18.06.2015 / Crônicas
Aprendendo a olhar

Eu tinha acabado de ler a notícia sobre uma inglesa detida nos Emirados
Árabes. Ela bebeu demais e, segundo o taxista, teve relações sexuais com um
turista no banco de trás do carro. A moça negava a acusação, mas seu
passaporte foi apreendido e ela corria o risco de ficar três anos presa.
Comecei a discursar sobre a posição da mulher no mundo islâmico e falei que
jamais iria para o Oriente Médio. Tocou o telefone. Era um convite
profissional para conhecer o Catar, naquela região.
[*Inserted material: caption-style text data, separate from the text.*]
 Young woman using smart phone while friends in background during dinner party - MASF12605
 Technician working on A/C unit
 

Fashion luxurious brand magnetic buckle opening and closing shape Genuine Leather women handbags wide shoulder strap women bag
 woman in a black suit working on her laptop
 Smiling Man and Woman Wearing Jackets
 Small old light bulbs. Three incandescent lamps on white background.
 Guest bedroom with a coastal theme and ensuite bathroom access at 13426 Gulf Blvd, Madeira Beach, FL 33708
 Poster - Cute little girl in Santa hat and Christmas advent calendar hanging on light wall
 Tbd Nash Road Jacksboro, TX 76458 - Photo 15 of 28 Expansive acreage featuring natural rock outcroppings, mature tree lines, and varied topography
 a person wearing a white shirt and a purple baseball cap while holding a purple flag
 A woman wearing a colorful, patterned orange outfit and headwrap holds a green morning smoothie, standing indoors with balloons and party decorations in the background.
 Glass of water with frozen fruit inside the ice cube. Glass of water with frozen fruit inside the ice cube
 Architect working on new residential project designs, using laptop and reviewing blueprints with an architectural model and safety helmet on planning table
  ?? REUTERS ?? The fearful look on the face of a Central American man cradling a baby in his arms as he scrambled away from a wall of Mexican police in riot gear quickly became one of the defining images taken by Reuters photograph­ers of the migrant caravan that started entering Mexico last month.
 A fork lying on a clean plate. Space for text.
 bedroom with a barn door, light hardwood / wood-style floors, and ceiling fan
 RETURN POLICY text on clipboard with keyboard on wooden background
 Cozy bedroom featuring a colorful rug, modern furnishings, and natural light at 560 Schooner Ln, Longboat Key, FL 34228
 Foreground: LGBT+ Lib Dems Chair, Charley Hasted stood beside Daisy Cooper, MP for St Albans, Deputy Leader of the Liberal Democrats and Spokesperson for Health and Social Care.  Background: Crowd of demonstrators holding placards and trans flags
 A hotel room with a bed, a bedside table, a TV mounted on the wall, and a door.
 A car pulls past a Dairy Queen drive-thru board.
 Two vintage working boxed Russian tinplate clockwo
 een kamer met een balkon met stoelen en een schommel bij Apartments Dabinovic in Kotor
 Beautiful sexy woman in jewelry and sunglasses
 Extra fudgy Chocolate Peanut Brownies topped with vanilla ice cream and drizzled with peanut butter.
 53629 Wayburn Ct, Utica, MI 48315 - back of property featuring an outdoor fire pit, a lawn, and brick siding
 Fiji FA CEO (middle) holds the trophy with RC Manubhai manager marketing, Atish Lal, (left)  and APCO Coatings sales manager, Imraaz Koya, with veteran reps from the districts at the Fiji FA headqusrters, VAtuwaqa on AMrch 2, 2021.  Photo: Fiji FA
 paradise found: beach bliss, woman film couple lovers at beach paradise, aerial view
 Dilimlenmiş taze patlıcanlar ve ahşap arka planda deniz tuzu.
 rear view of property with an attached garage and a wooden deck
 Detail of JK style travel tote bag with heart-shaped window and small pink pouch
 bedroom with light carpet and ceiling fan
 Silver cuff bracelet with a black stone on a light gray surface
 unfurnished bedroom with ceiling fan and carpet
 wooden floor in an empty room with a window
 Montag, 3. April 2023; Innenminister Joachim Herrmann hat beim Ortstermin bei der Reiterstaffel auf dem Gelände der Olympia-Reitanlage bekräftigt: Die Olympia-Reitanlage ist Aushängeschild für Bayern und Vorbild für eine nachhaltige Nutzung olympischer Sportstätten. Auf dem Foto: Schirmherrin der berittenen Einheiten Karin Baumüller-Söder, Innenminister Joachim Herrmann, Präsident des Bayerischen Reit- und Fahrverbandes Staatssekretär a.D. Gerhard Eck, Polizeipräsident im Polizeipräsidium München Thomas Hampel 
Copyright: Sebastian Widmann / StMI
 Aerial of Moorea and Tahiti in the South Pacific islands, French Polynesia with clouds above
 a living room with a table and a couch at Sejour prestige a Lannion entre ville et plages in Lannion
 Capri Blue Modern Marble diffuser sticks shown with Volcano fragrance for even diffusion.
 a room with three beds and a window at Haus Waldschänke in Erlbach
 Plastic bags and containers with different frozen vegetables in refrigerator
Pensei: ainda bem que
opinião existe para a gente mudar.

Menos de uma semana depois, lá estava eu embarcando para a cidade de Doha, a
fim de descobrir o que o país mais poluidor do mundo estava fazendo para ficar
“limpo”, resultado que vai ser apresentado a partir desta semana na Rio+20.
Mas, muito mais que entrar e sair de conferências, um aspecto em especial
chamou a minha atenção: olhar as mulheres usando burca, cobertas de preto da
cabeça aos pés, algumas com os rostos completamente tapados, assim como as
mãos, num calor de 49 graus. Em um mercado ao ar livre, à noite, observá-las
passando em grupo me incomodou, parecia uma seita, uma condição claustrofóbica
que, com a pressão do calor, me deixou oprimida, triste.

Dias depois, pude enxergá-las, e não apenas vê-las sob o olhar da nossa
cultura. Nas mesas dos restaurantes, nos banheiros dos shoppings, nas lojas…
eu as encarava com a mesma curiosidade que elas, de dentro de suas burcas, me
achavam vulgar com minhas roupas ocidentais — ou pelo menos me senti assim. Vi
que os saltos de seus sapatos eram os mais altos e finos possíveis, os olhos
carregados de maquiagem, as bolsas coloridas de grifes e, entre uma burca e
outra, calças estampadas e justas se manifestavam, blusas de oncinha se
insinuavam e algumas tinham mangas rendadas ou bordadas. As adolescentes
carregam celulares com capinhas decoradas, as pessoas têm vida social.

Radicais somos nós ao julgar tudo. Humildemente, me despi de preconceito para
entender que, ao contrário de mim, elas se sentiam bem assim. Um olhar meio
Marisa, de mulher pra mulher, bastou para que nos uníssemos acima de religião
ou geografia. O machismo ainda é dominante, mas, quando me perdi, e sabendo
que não deveria pedir informações a outra mulher, foi a uma que recorri. Ela
olhou para o marido, me olhou e me deu informações, mostrando que o mundo
mudou. É como eu costumo dizer: se para umas coisas é ruim que o tempo passe, para
outras é ótimo.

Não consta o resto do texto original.